[Extracted information]

· · · ·

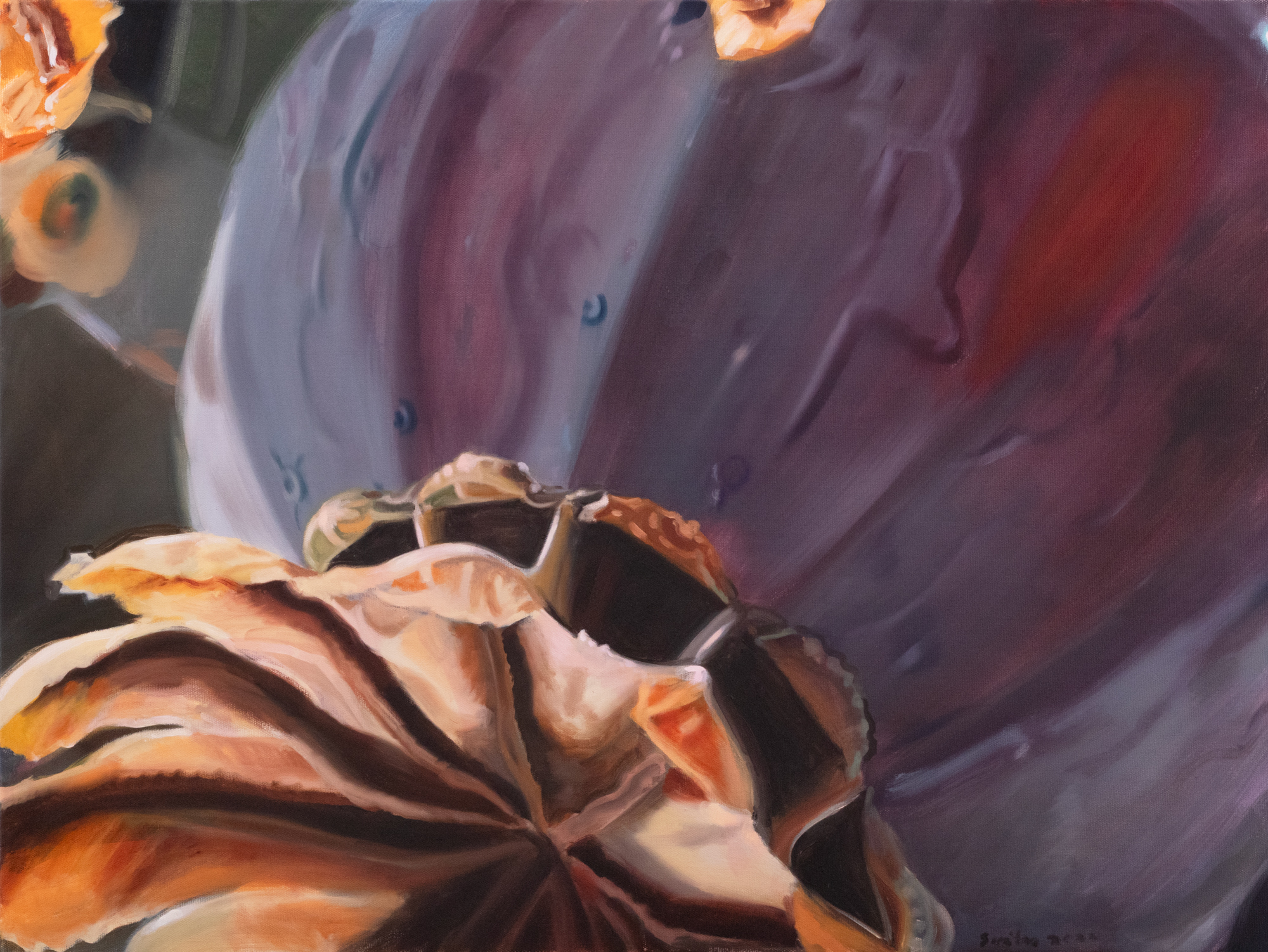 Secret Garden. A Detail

· · · ·

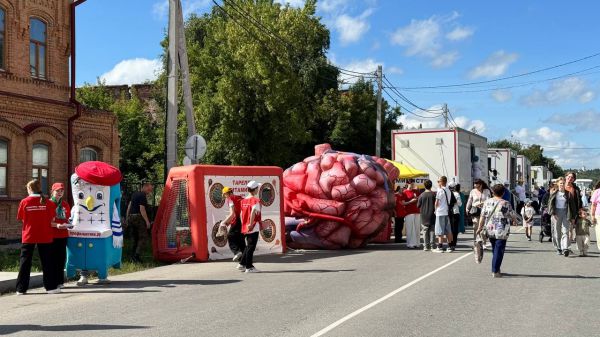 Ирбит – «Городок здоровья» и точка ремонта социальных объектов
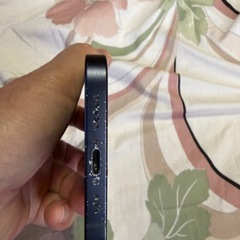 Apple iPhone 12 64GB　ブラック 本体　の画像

· · · ·

[What is expected] Set down exactly the lines above, from the line containing "ремонта социальных объектов" through the line containing "Apple iPhone 12 64GB　ブラック 本体　の画像". Skip the pictures.

[Solution to this task]
 Ирбит – «Городок здоровья» и точка ремонта социальных объектов
 Apple iPhone 12 64GB　ブラック 本体　の画像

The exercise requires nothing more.